Tuesday, June 10, 2014

Cisco VNI global IP 2014: we live in a video world

As is now usual, after the february mobile Visual Networking Index, Cisco releases in June the global IP version. Here are a few interesting measurements and forecasts and some associated thoughts.

Global IP traffic's growth is slowing down somewhat, having grown five fold in the last five years and anticipated to grow threefold over the next five. This is not overly surprising, a 21% CAGR is a sign of a maturing market.

CDN

Surprisingly, more than half of the traffic next year should be local (as opposed to long-haul), which underlines the growing importance of CDNs to deliver content at the edge of the network.
CDN delivered in 2013 36% of the data traffic and are set to deliver 55% by 2018, with a growth spurred by OTT video.
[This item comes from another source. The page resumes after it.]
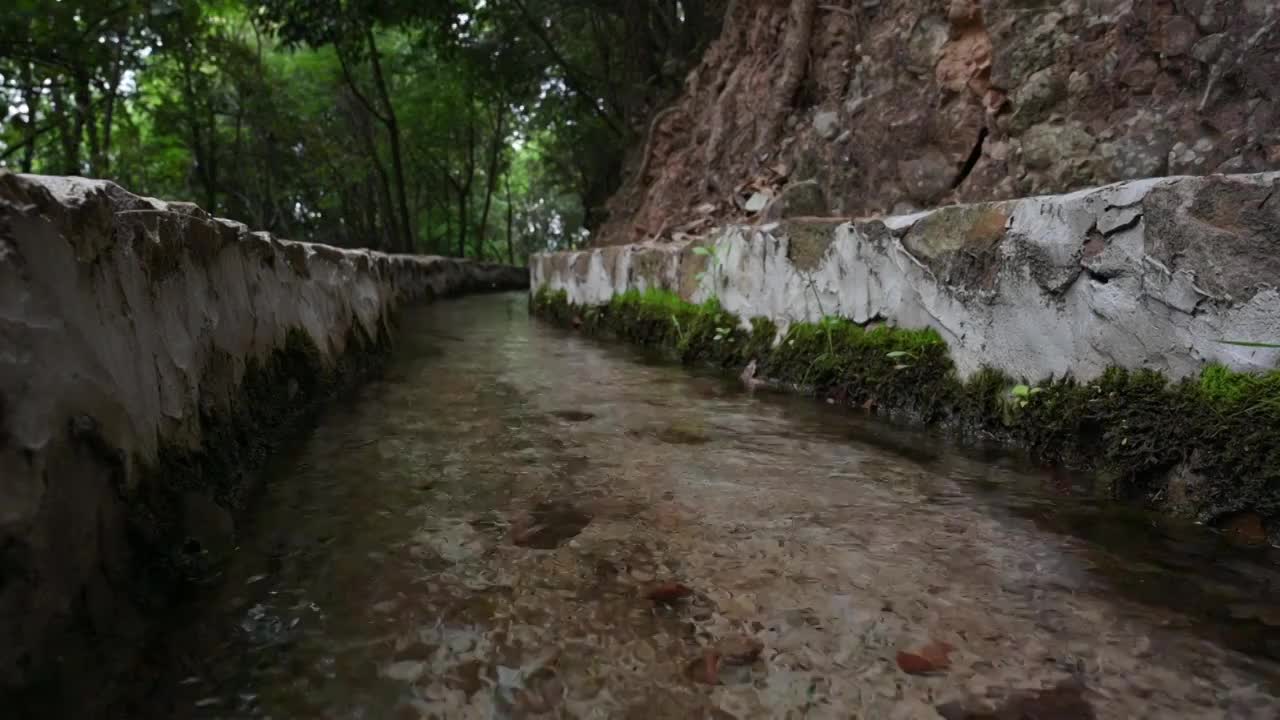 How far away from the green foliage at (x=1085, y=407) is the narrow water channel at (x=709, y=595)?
14cm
CDNs will deliver the 67% of all video traffic from 53% today.
I think here, mobile CDNs are not represented, which is unsurprising since most of the movement in that space has happened only recently. Mobile carriers CDNs will add to these numbers.


Mobile

Cisco predicts that mobile traffic (including wifi) will exceed fixed by 2018 (61 to 39% vs. 44 to 56% in 2013). Again, not so surprising, except we could see in my opinion fixed being overcome earlier than that. Machine to machine traffic over wireless, I think, is quite systematically underestimated.

Mobile data traffic, unsurprisingly still sees a 61% CAGR and will increase eleven fold by 2018.

Video

Video traffic will account for 79% of overall IP traffic by 2018 (66% today). If we add TV and video, we are looking at 90%...

OTT video viewed on connected TVs, consoles, sticks, etc... doubled in 2013 and is set to quadruple by 2018. I believe this is also under-evaluated. I think 4k will weigh heavily on these media and h265 / vp9 will be late to assuage the burden.



All in all, no great surprise this year, a confirmation of last year's trends. I believe that 4k, together with changes in so-called "net neutrality" provisions will accelerate most trends by 1 to 2 years.